This is Anna's dove pen.
It used to be a small cage that hung on the wall and was difficult to get into not to mention didn't afford the doves much room. Her father conceded to give up his fire wood stacking spot (the reason for the plywood "wainscoting") and built this pen for her. Kathy gave Anna yet another replacement dove after the pen was built, thank you Kathy (see, all my friends are too good to my children).
Shortly after the new replacement, Anna's doves were laying and hatching out their eggs. Unfortunately the first hatch only produced one and it fell out of its nest. The next fertile batch were abandoned by both parents just days before they were to hatch, most likely because of a little confusion created by the inexperienced owner who left infertile eggs in a nest. Those unhatched but cheeping eggs were the eggs that Anna brought in to finish hatching in our incubator. See Anna And Her Projects for an account of the hatching. Through that ordeal of trying to raise the squabs by hand we learned some valuable things and are now prepared to try again. Maybe even on purpose.

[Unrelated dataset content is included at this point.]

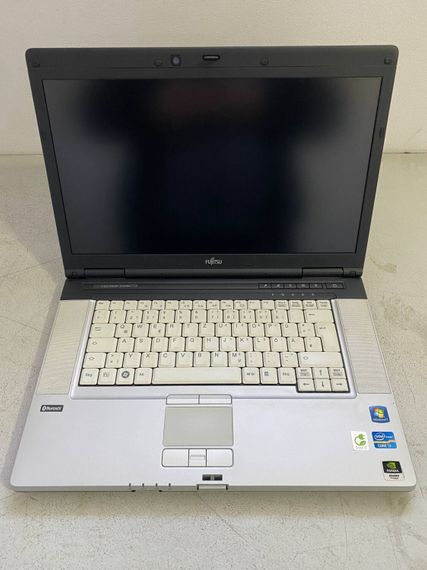 Мобільна робоча станція Fujitsu Celsius H710 / 15.6" (1920x1080) TN / Core i7-2720QM (4 (8) ядра по 2.2 - 3.3 GHz) / 16 GB DDR3 / 128 GB SSD / Quadro 1000M, 2 GB GDDR3, 128-bit / WebCam б/в + Подарунок зубна щітка Colgate | Зображення 1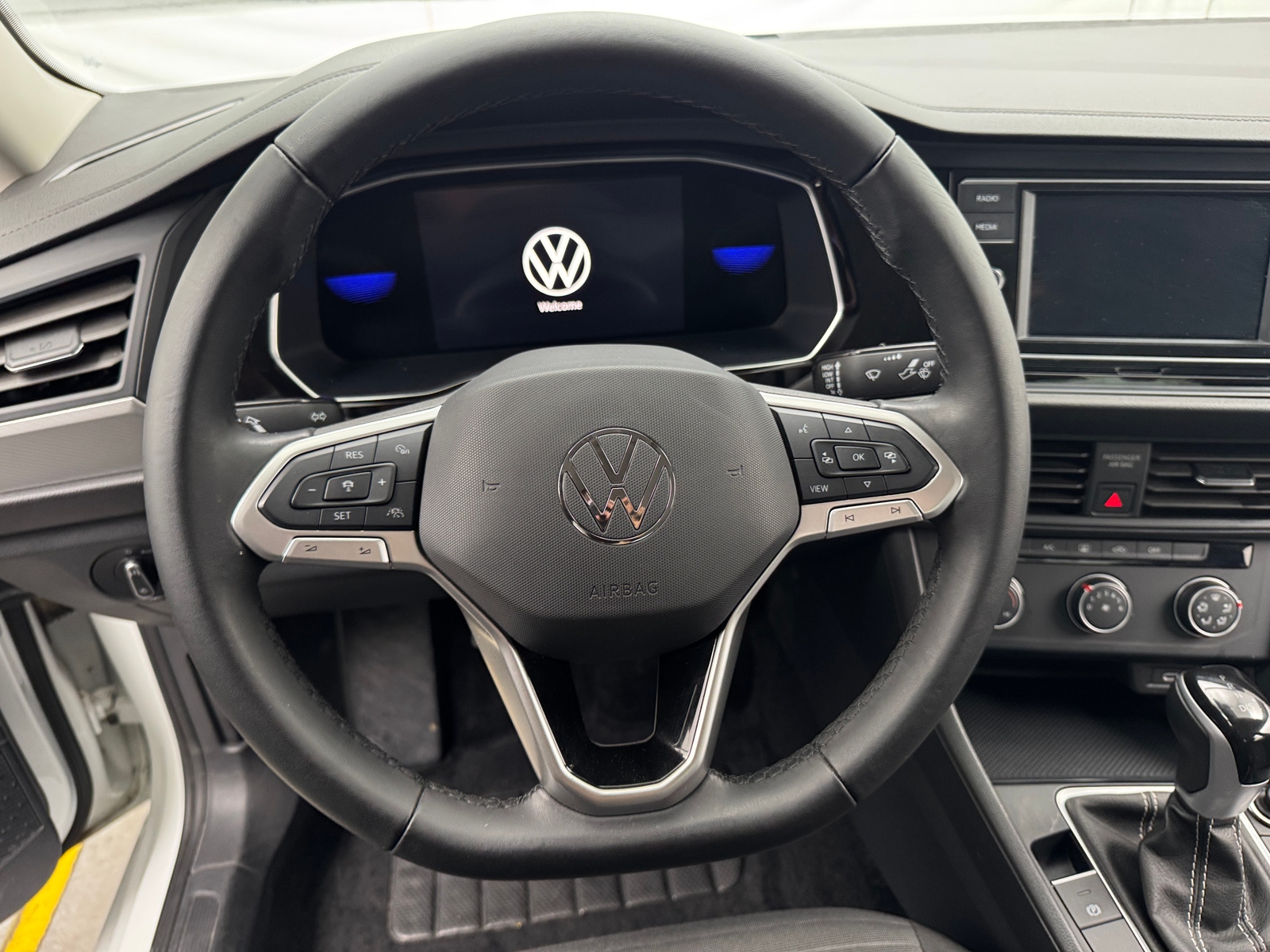 Thumbnail: 2024 Volkswagen Jetta - 5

Since then, Anna's doves laid fresh eggs, hatched them out on their own, fed them and because we took out the Cochin hens just prior to hatching, no tragic accidents occurred. Now here they are. The young ones are in the potted tree, able to fly around and hold their own with the Cochins who were returned to the pen yesterday.
This is one of the parents sitting on the water pot. They are very sweet birds. Nothing like the Love birds Bet used to have (we actually called them Hate birds after awhile, very mean, very loud, sharp and shrill).
This is the other parent.
This lovely blue box you see here used to be a home made incubator that was a poultry project when Stephanie, our oldest, was in poultry 4-H. Now it covers the dryer vent so we don't have dryer lint flying all over the front yard. This dove cage is off one end of my laundry/propagation house that sits across the driveway from our house.
Our house and farm is very interesting but we love it. The laundry machines were moved out of their spot in the house during a remodel. They never fit the space that was made for them by previous owners, unless a person really ought not to mind not being able to fully open the dryer door. So I, being the perennial ideas person, thought it would be great to give them, the laundry machines, their own space out in my old shop.
My shop used to house all my 4-H doings including my computer. But the computer had come into the house five years prior in order to be hooked up to the phone lines and the sewing was, at the time of remodeling, heading upstairs to a soon to be empty room. The remodel was all happening because my second oldest was getting married at our home, which freed up a room upstairs.
I'll take you for a guided illustrated tour of our house and farm soon. I promise. I will make it a goal of mine for August, a priority. There is a lot of history behind our place. Most of it prior to our living here but I certainly am more familiar with the stories of what has gone on in its last 23 years since we have rented it from Doc and Norrine.